何でも訊いて来いと、胸まで叩いてみせた京一に、思い切ったように龍麻は言い出し、尋ねられたことへ、完璧に何時も通りの笑みを湛えたまま京一は応えて……、が、龍麻はそれでは納得しなかった。

「……何だよ、ひーちゃん。そうじゃない、とか思ったのか? 俺が、そんなに物事深く考える訳ねえじゃんか」

「………………嘘だね。絶対、嘘だよ。……やっぱりおかしい、って思ったのは、等々力不動で天童と戦った時なんだ。京一、天童にトドメ刺そうとした俺を止めて、自分でやったから。……京一だけは、莎草と俺との間にあったこと知ってるから、もしかしたらそれ気遣って、俺に手を出させなかったのかな、とかも思ったんだけど、天童達を倒して、やっと全部終わったねってなった筈なのに、修学旅行先にまで京一が担いで来たのは刀で、だったら、天童の時のことは、莎草とのこと知ってるってだけじゃ説明が付かないのかもって、俺考え始めちゃってさ。……今日は今日で、一人で天童とやり合って、挙げ句、あんなこと言うし……。…………ねえ、京一。本当のこと教えてくれよ」

「あのなあ、ひーちゃん。自分で言うのも切ないが、俺ははっきり言って馬鹿だぞ? 俺は──

──京一は! ……京一は直ぐそうやって、自分は馬鹿なんだって振りして、俺の前でも何でも誤摩化すっ! 俺は『馬鹿』だなんて、それだって、嘘だ。俺、知ってるんだからなっ。……そりゃ、京一は馬鹿かも知れないよ。学校の成績は最悪だし、二言目にはオネーチャンだし、一寸入り組んだ話が出れば居眠りしちゃうよっ。……でも、京一の本性はそうじゃないって、俺は思ってる。……お前みたいな天邪鬼が、そんなに簡単に、人前で本性見せる訳ないじゃん……」

頭から、自分の説明を嘘と決めつけている彼を、何とか判らせようと、京一は言葉を重ねたが、龍麻はとうとう怒鳴り出して、泣きそうな、辛そうな顔になり。

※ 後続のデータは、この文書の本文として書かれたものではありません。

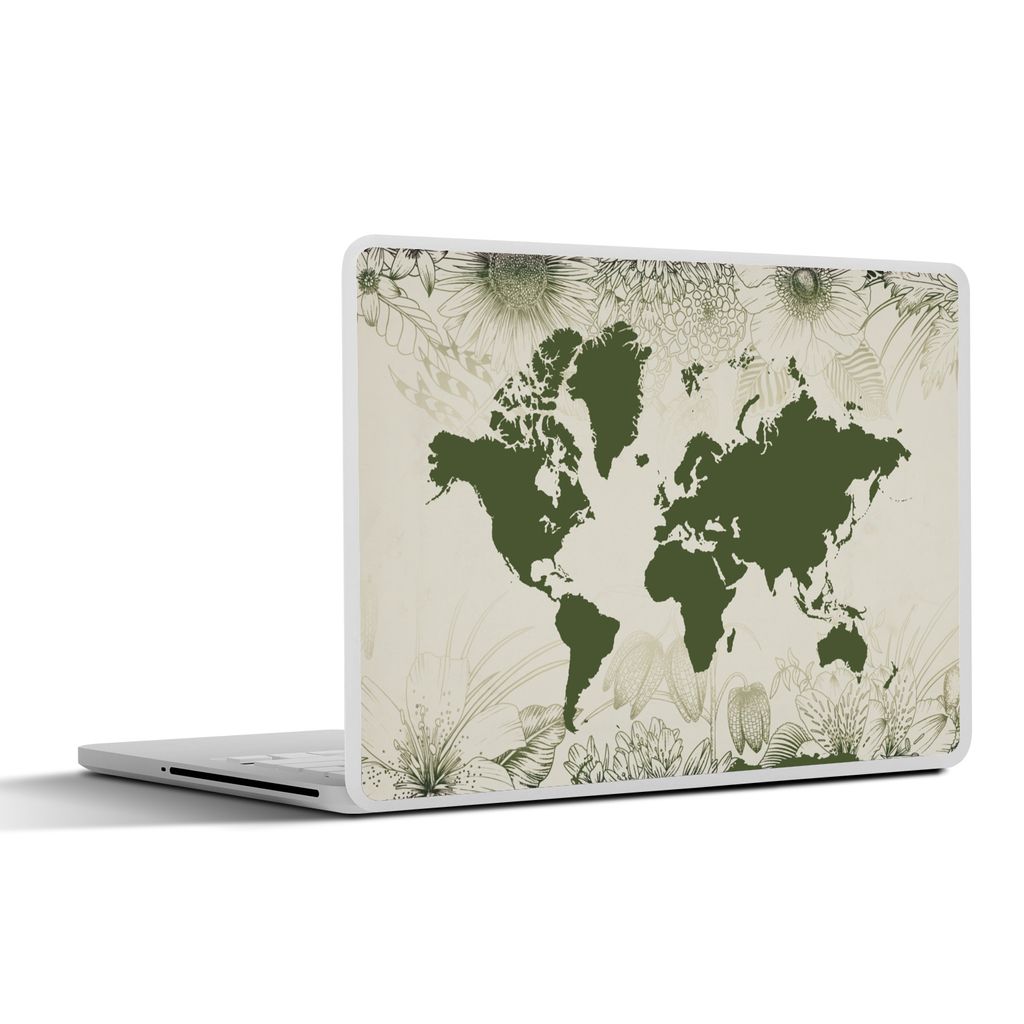 MuchoWow Laptop Aufkleber Sticker Cover Weltkarte - Blumen - Grün 30x22 cm - Laptop-Sticker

「……京一は俺のこと、親友だとか、相棒だとか言ってくれるから……、これは、俺の自惚れかも知れない。自意識過剰って奴なのかもだし、京一は誰にでも優しいから、勘違いだったら、猛烈恥ずかしいんだけど。…………京一。もしかして、全部、俺の所為……? 俺の為……? 木刀を刀に持ち替えたのも、トドメ刺す役を買って出るのも、戦いが終わってから今日までも、ずっと刀を持ち続けたのも、全部…………」

もしも、そうだと言うならどうしよう……と、彼は、深く俯いた。